Map tokenization and posterior to smaller substrings

Dear community,

My objective is to have sequences of 1024 tokens ready to GPT-2. As input data, I have DNA sequences of 2E5 length, and I have built a BPE tokenizer using this data.

I am trying to build a function which concatenates:

  1. Tokenize the full sequences (2E5 max_length)
  2. Chunk data into 1024 sequence length and enlarge the number of rows of my Huggingface Dataset

For now I am trying to use this function, and map it posterior to the Dataset:

def tokenize_and_chunk(examples):
    chunks = []
    tokenized_inputs = fast_tokenizer(
        examples['text'],
        max_length=200000,
        truncation=True
    )

    for sentence in examples['text']:
        chunks += [sentence[i:i + 1024] for i in range(0, len(sentence), 1024)]
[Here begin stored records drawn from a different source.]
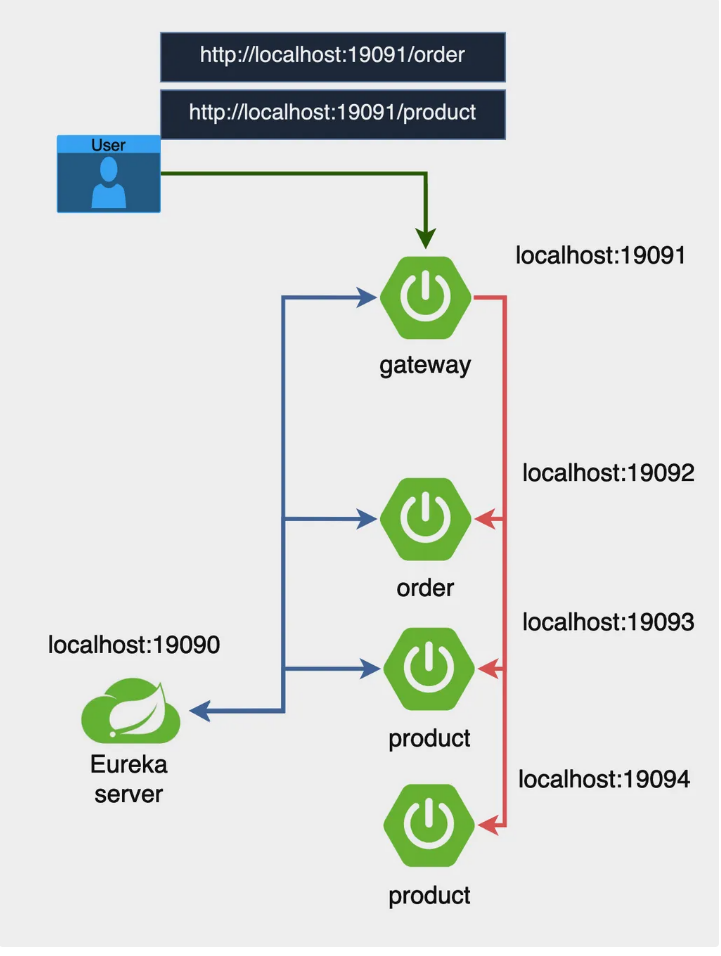 2024 11 27 TIL - API Gateway, Spring Cloud Gateway — Griotold's Olive Oil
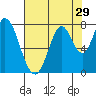Calaveras Point tide chart for Friday, July 29, 2022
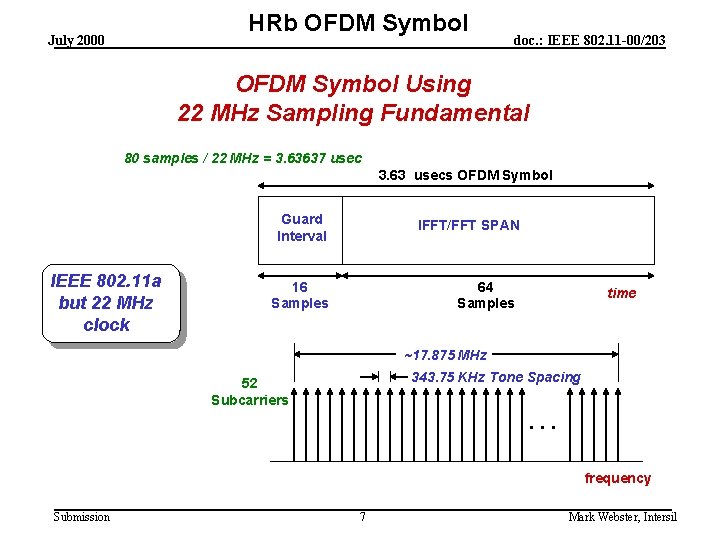 HRb OFDM Symbol July 2000 doc. : IEEE 802. 11 -00/203 OFDM Symbol Using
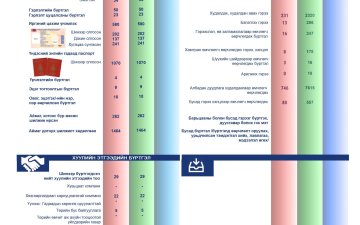 Улсын бүртгэлийн байгууллагын 2025 оны 01 дүгээр сарын тоон мэдээ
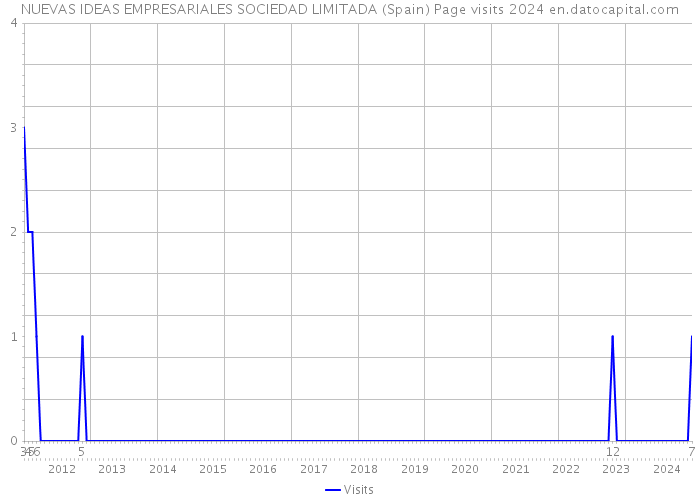 NUEVAS IDEAS EMPRESARIALES SOCIEDAD LIMITADA (Spain) Page visits 2024 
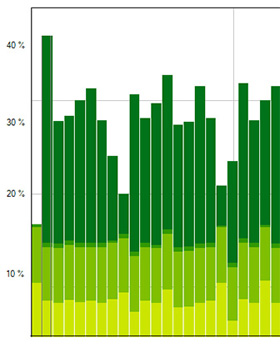 Stream_Graph.jpg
    return {"chunks": chunks} 

chunked_data = dna_data.map(tokenize_and_chunk, remove_columns=dna_data.column_names)

The problem is that I receive a list of lists just like this:
[[‘C’,
‘C’,
‘A’,
‘G’,
…,
],…,]

where this list is a list where for each example I have a inner-list with length of 91170 chars.

I can’t figure out how should I correctly map this function. Does someone have an idea of which should be the best practice for this?